What to do with a jar of antichrist

Day 16, where­in we dis­cov­er Mephistophe­les to be a glo­ri­fied lava lamp

The fol­low­ing orig­i­nal­ly appeared on Flick Attack, 20 March 2012.

There are sev­en rea­sons why the immor­tal John Carpenter’s Satan-on-the-rise movie Prince of Dark­ness is utter­ly awe­some:

1. The nar­ra­tive revolves around the dis­cov­ery of an aged glass con­tain­er of sick­ly green liq­uid; a liq­uid that is, in actu­al­i­ty, Satan (or close enough for base­ball). “A life form is grow­ing out of pre-biot­ic flu­ids. It’s not wind­ing down into dis­or­der, it’s self-orga­niz­ing.” The con­cept is so unique­ly ridicu­lous, it’s awe-inspir­ing.

2. This is auteur Car­pen­ter at his most unfet­tered, work­ing with extreme­ly low bud­gets and there­by uncon­strained by the dic­tates of pro­duc­ers. Yes, some of the prac­ti­cal effects are on the dodgy side, the act­ing is rough, and this ain’t a sus­pense clas­sic like Hal­loween or a mon­ster epic like The Thing. But when vest­ed in the mate­r­i­al, Car­pen­ter works the creepy like few can. The dream sequences that haunt those close to the Lucifer­goo gave me day­mares for weeks.

Satan goo!

3. Right smack in the mid­dle, a Vat­i­can-hid­den reli­gious tome reveals that Jesus Christ was an extra-ter­res­tri­al who tried to warn humans about the dan­gers inher­ent in the liq­uid. At this rev­e­la­tion, not one sci­en­tist so much as bats an eye­lash. That is some cold ana­lyt­i­cal shit hap­pen­ing right there.

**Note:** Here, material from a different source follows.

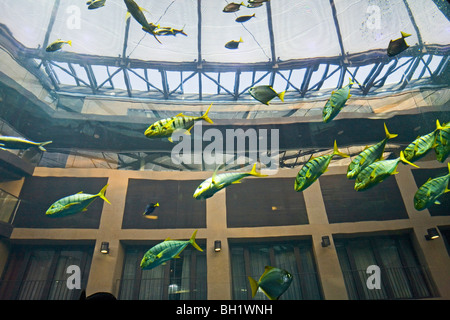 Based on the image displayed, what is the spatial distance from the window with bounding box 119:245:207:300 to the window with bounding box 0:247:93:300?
5.26ft

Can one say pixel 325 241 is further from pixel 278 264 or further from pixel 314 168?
pixel 314 168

4. Car­pen­ter wrote the screen­play as Mar­tin Quater­mass, after the hero of the clas­sic British Quater­mass films, and their influ­ence is obvi­ous. Tech­nob­a­b­ble such as “Say good­bye to clas­si­cal real­i­ty, because our log­ic col­laps­es on the sub­atom­ic lev­el … into ghosts and shad­ows” does epic bat­tle with the­o­log­i­cal non­sense: “It’s your dis­be­lief that pow­ers him. Your stub­born faith in, in … com­mon sense. He lives in the small­est parts of it.”

5. The sound­track is a clas­sic Car­pen­ter synth score.

One’s a physi­cist. One’s a priest. They’re detec­tives!

6. Don­ald Pleas­ance as the befud­dled priest! Vic­tor Wong as the Quater­mass stand-in! An unlike­ly odd cou­ple who debate Carpenter’s absurd science-vs.-religion dia­logues with grace and aplomb and as much grav­i­tas as can be mus­tered when dis­cussing a tube of Satan­ic ooze.

7. Can we get a lit­tle love for the less­er Simon broth­er? Yes, yes, we all dig McRaney, but dammit, Jame­son Park­er needs respect! And he just rocks the porn ‘stache!

 

For the month of Octo­ber, I’ll be post­ing specif­i­cal­ly about hor­ror. Because why do you think.